§ **What the exercise asks**: An exact copy of every line from the one holding "Full frontal from" to the end of the entries below is required; leave the pictures out.

§ **Records provided**:
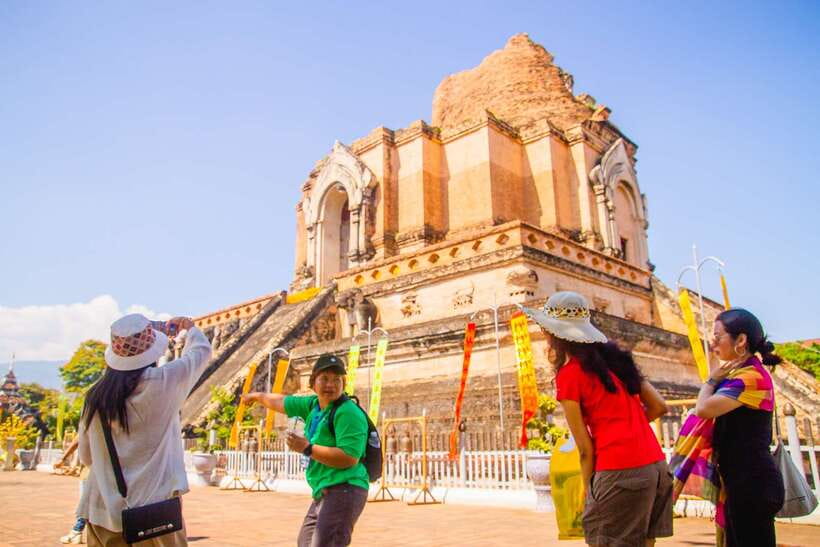 Chiang Mai: 3 Hour Old City and Temples Guided Walking Tour - Is $16 good value?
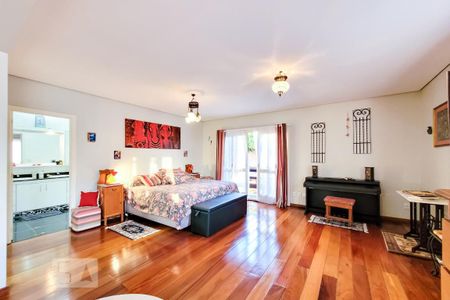 Casa à venda com 490m², 4 quartos e 4 vagas Casa à venda com 490m², 4 quartos e 4 vagassuíte 3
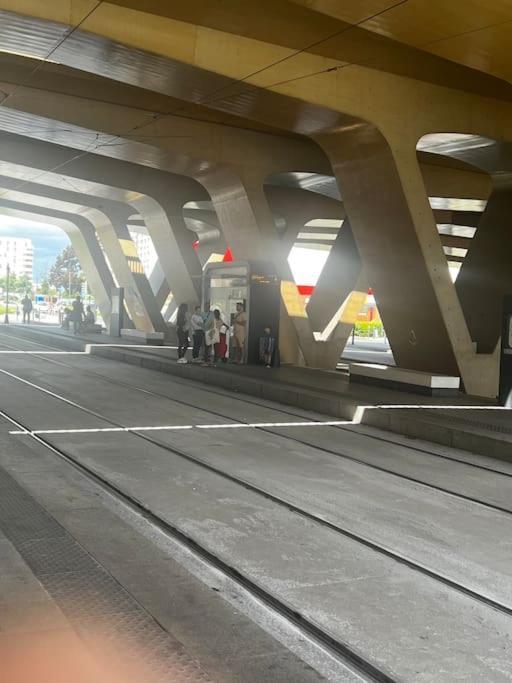 Un Charmant Studio Pres Tramway Thiais Eksteriør billede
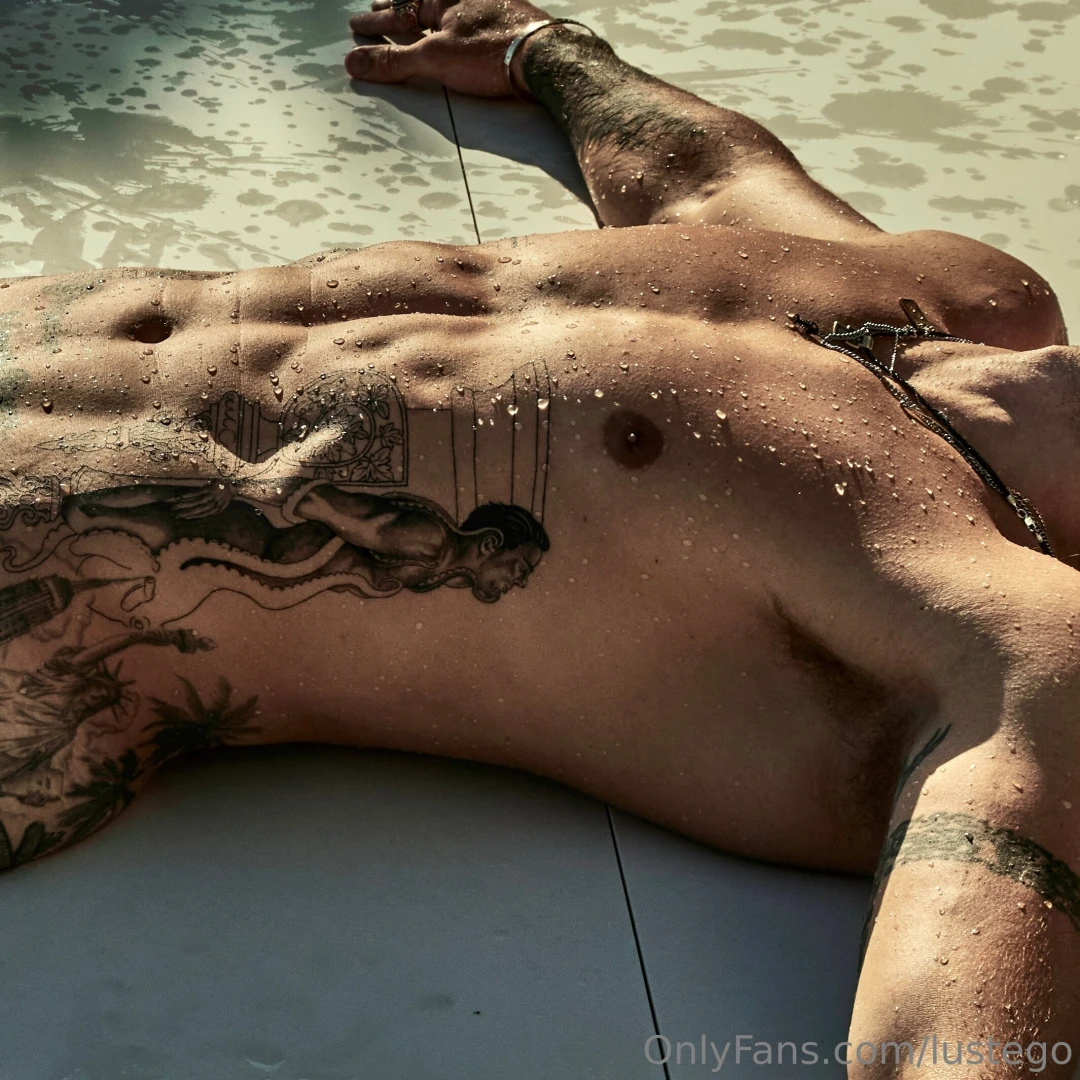 Full frontal from my shoot for yummy magazine 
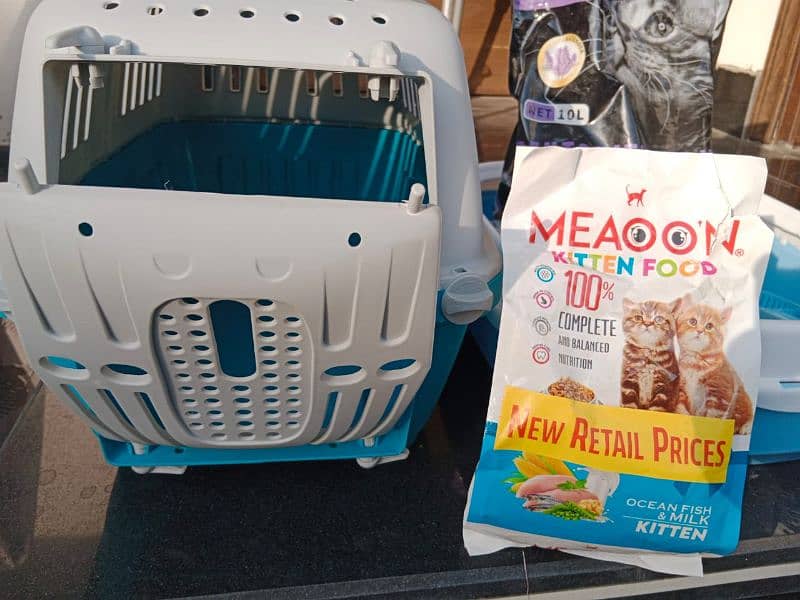 Cat Carry Box,Food + Bowl, Litter+Tray & Items 6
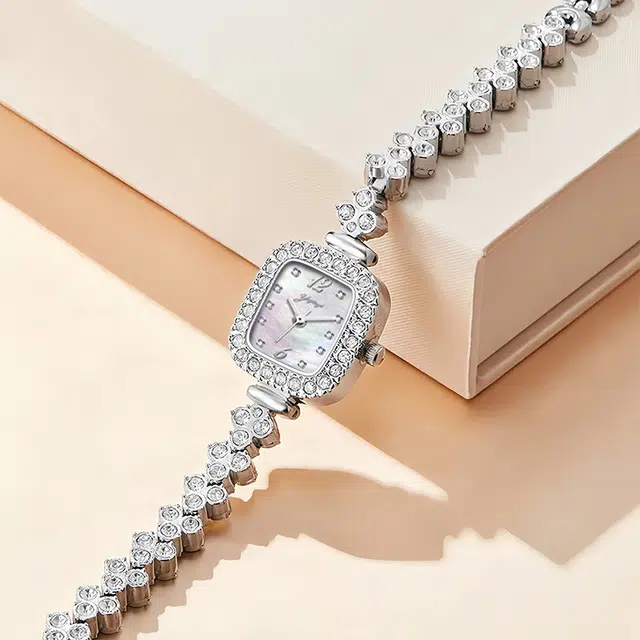 雅嘉怡 腕表 石英机芯 合金表带 彩色表盘 女表 闪亮百搭高颜值女士手表潮流时尚浪漫气质奢华温柔公主风满钻镶嵌小众轻奢女款精致礼盒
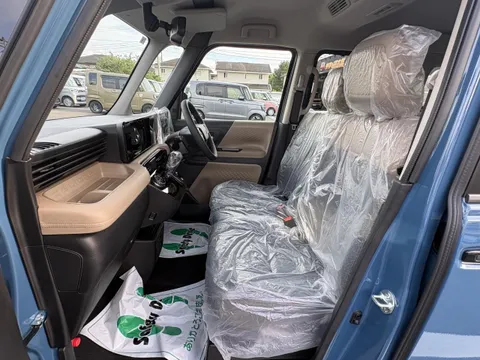 Mitsubishi Delica Mini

§ **Exercise result**:
 Full frontal from my shoot for yummy magazine 
 Cat Carry Box,Food + Bowl, Litter+Tray & Items 6
 雅嘉怡 腕表 石英机芯 合金表带 彩色表盘 女表 闪亮百搭高颜值女士手表潮流时尚浪漫气质奢华温柔公主风满钻镶嵌小众轻奢女款精致礼盒
 Mitsubishi Delica Mini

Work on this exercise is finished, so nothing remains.